## WHAT IS EXPECTED
Exact transcription with no images: write out all of the entries below.

********

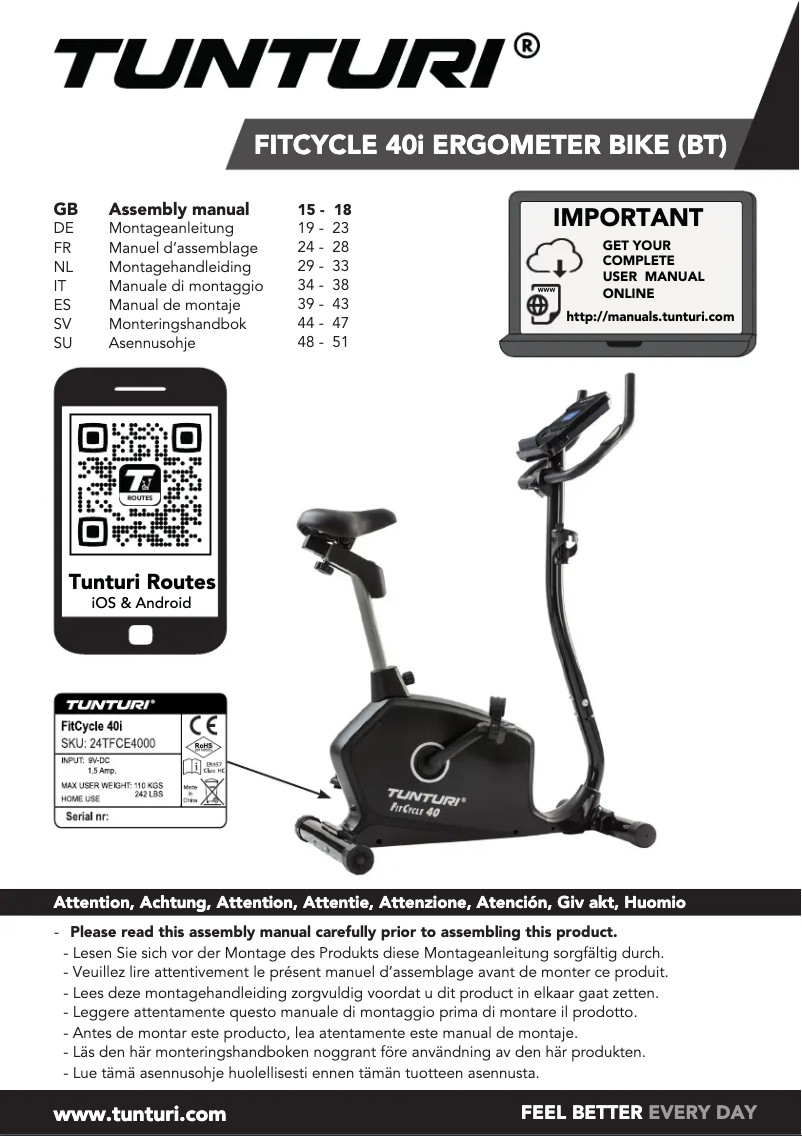 Page 1 de la notice Manuel utilisateur Tunturi FitCycle 40i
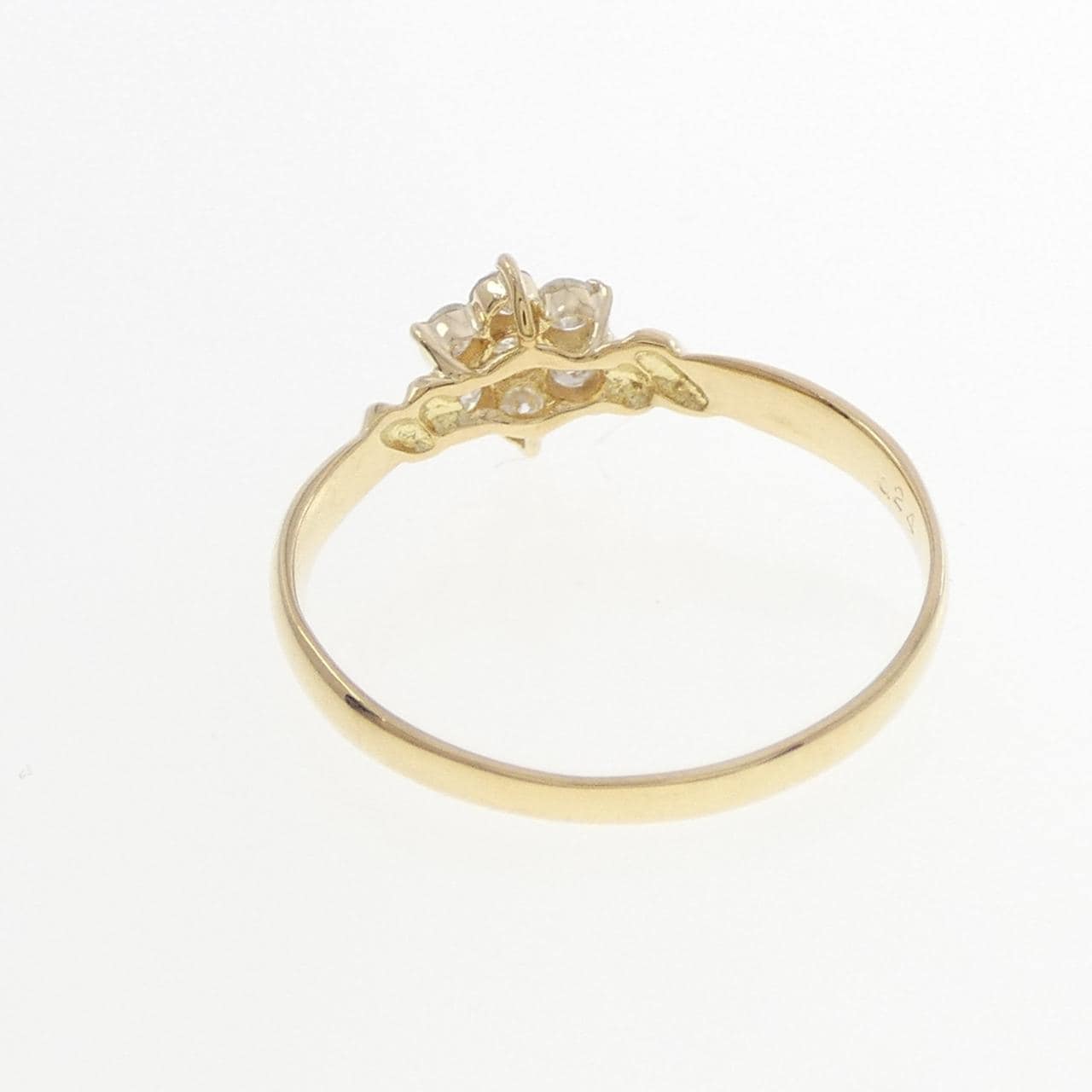 K18YG フラワー ダイヤモンド リング 0.24CT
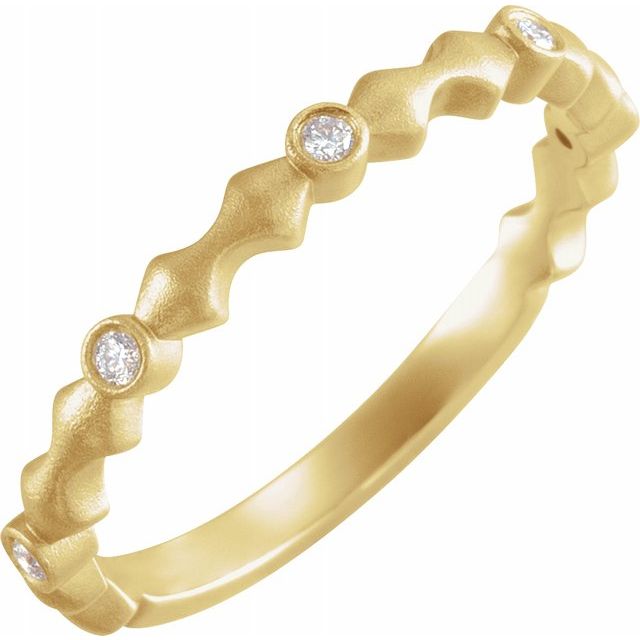 14K Yellow .07 CTW Diamond Anniversary Band with Bead Blast Finish - Balacia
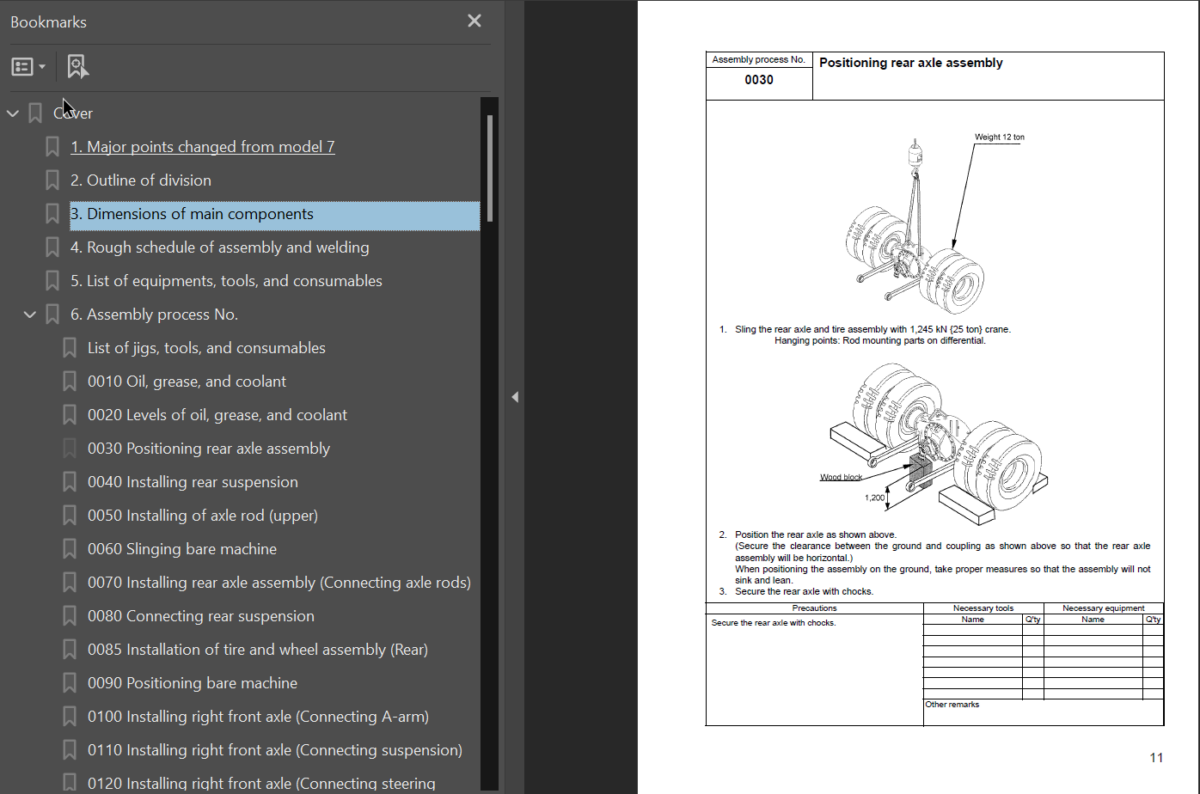 Komatsu HD465-7E0 HD605-7E0 Field Assembly Instruction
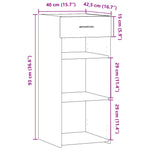 Fekete szerelt fa tálalószekrény 40 x 42,5 x 93 cm 10
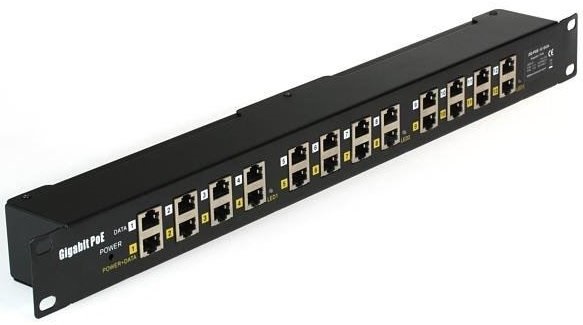 MaxLink 19" 1U 12 Port Gigabit 24V~57V DC PoE Injector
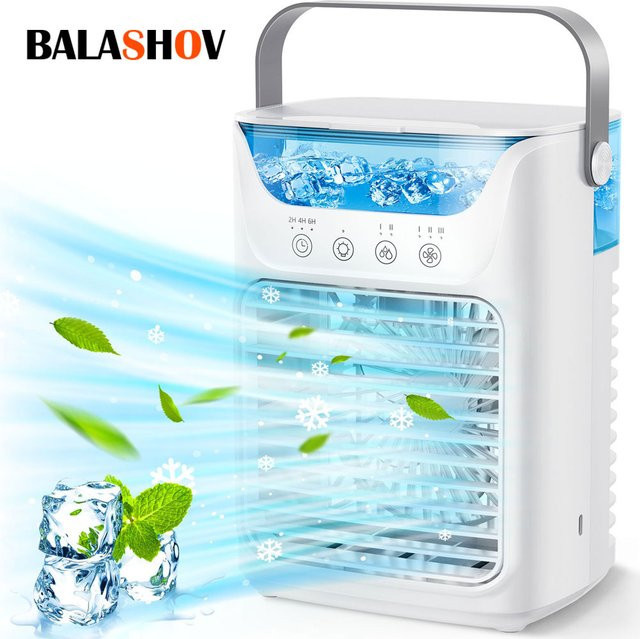 BALASHOV Tragbarer Luftkühler mit Wassertank und Timer in Weiß - Bild 1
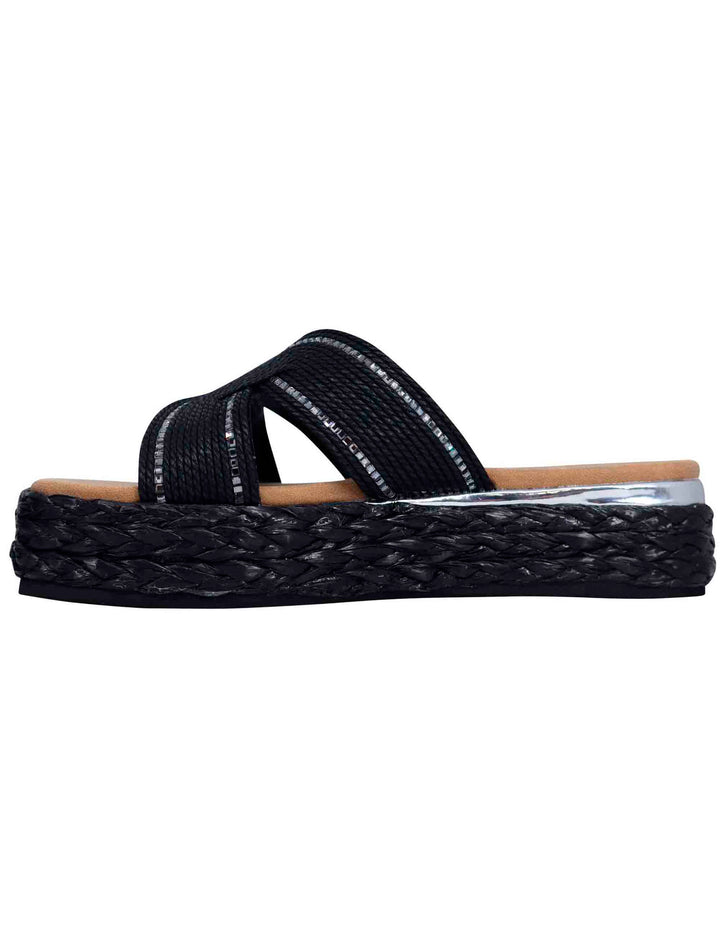 Spatarella Sandali donna in corda nera con rifiniture in argento Vendita Economica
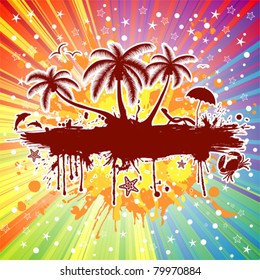 Summer frame with palm tree, dolphin, crab, on colorful background, vector illustration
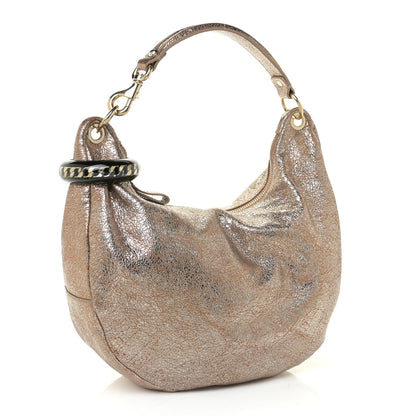 Jimmy Choo Suede Large Solar Hobo Metallic Gold 3 of 10
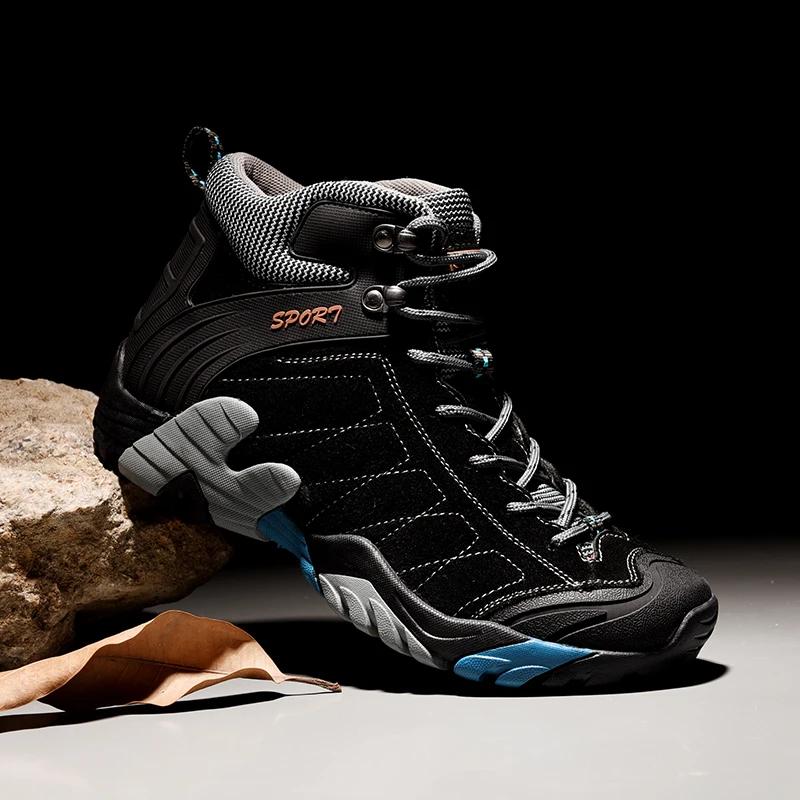 Теплые зимние ботинки для мужчин Снежные ботинки Botas Хлопковые туфли Мягкие Удобные Зимние ботинки Мужские Плюшевый бархат Снежные Мужские Горные ботинки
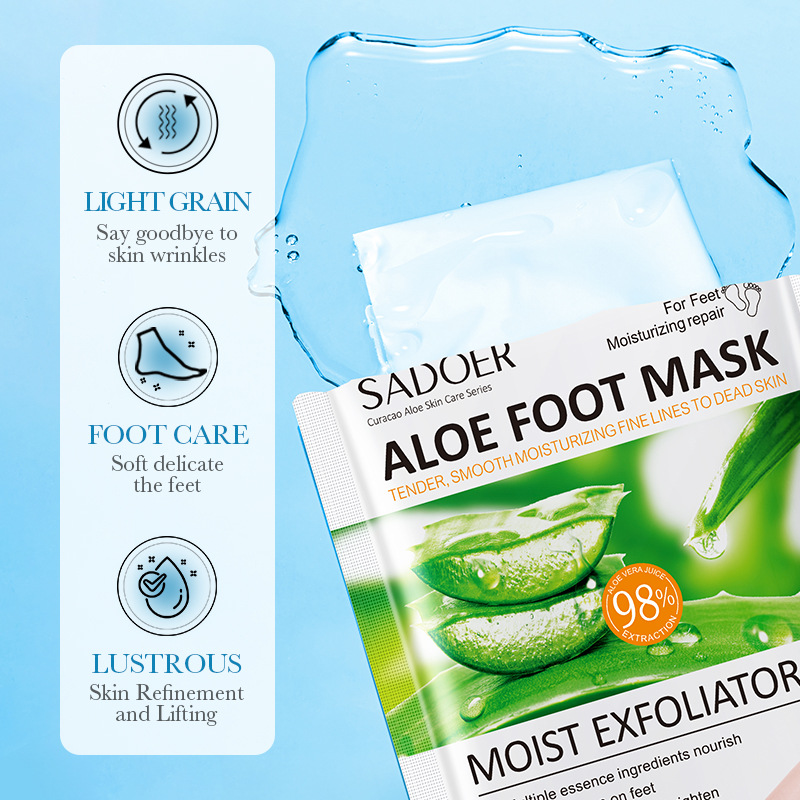 Foot Mask Aloe Vera Moisturizing Exfoliating Peeling,Remove Dead Skin Calluses Cracked Heels, Soften Smooth Tender Feet,Hydrating Nourishing Foot Care,Baby Like Soft Skin,Spa Home Use,Moist Exfoliator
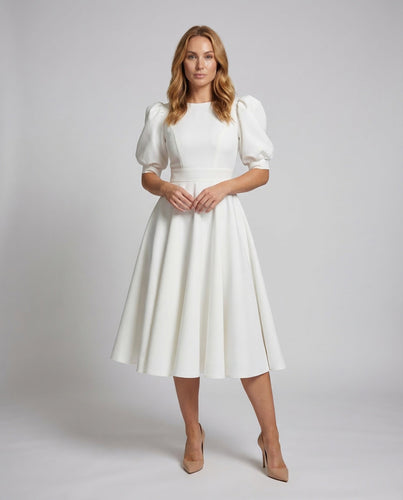 Damen Midikleid Elegant Puffärmel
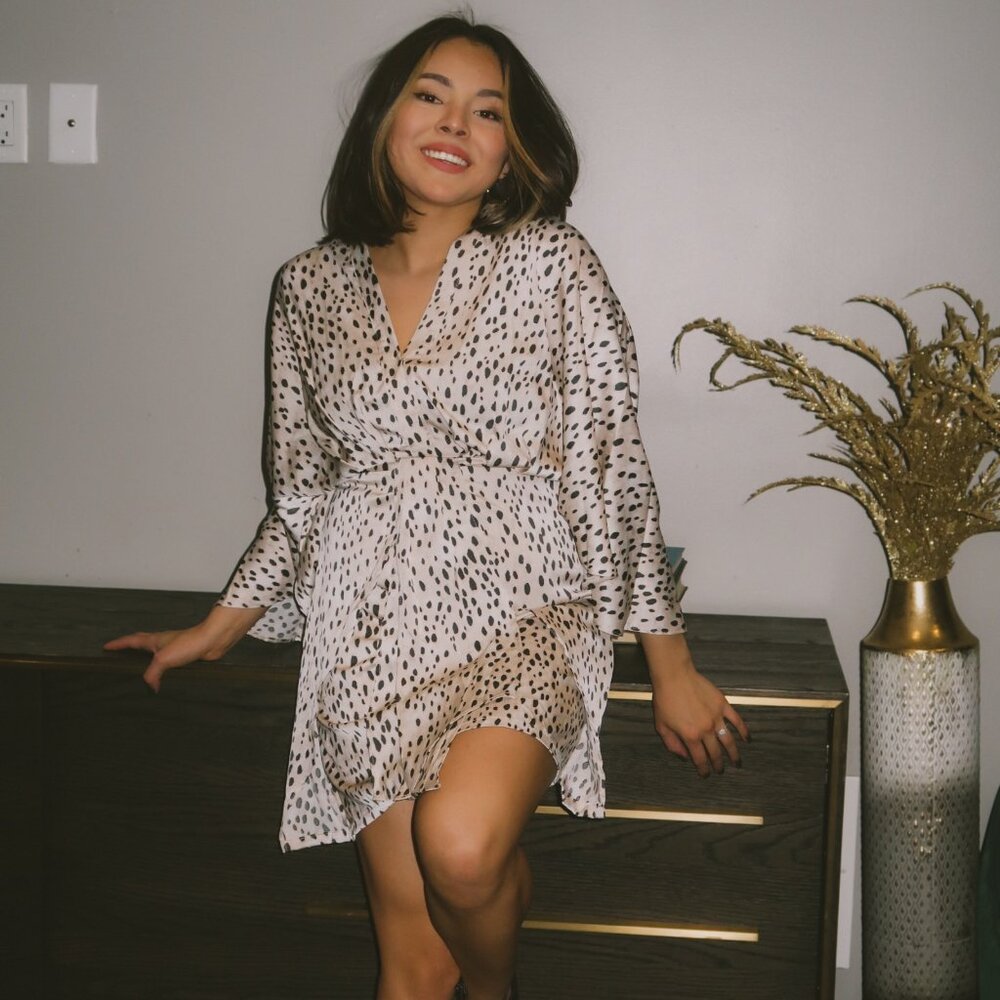 Cape Sleeve Print Dress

********

## WRITTEN RESPONSE
 Page 1 de la notice Manuel utilisateur Tunturi FitCycle 40i
 K18YG フラワー ダイヤモンド リング 0.24CT
 14K Yellow .07 CTW Diamond Anniversary Band with Bead Blast Finish - Balacia
 Komatsu HD465-7E0 HD605-7E0 Field Assembly Instruction
 Fekete szerelt fa tálalószekrény 40 x 42,5 x 93 cm 10
 MaxLink 19" 1U 12 Port Gigabit 24V~57V DC PoE Injector
 BALASHOV Tragbarer Luftkühler mit Wassertank und Timer in Weiß - Bild 1
 Spatarella Sandali donna in corda nera con rifiniture in argento Vendita Economica
 Summer frame with palm tree, dolphin, crab, on colorful background, vector illustration
 Jimmy Choo Suede Large Solar Hobo Metallic Gold 3 of 10
 Теплые зимние ботинки для мужчин Снежные ботинки Botas Хлопковые туфли Мягкие Удобные Зимние ботинки Мужские Плюшевый бархат Снежные Мужские Горные ботинки
 Foot Mask Aloe Vera Moisturizing Exfoliating Peeling,Remove Dead Skin Calluses Cracked Heels, Soften Smooth Tender Feet,Hydrating Nourishing Foot Care,Baby Like Soft Skin,Spa Home Use,Moist Exfoliator
 Damen Midikleid Elegant Puffärmel
 Cape Sleeve Print Dress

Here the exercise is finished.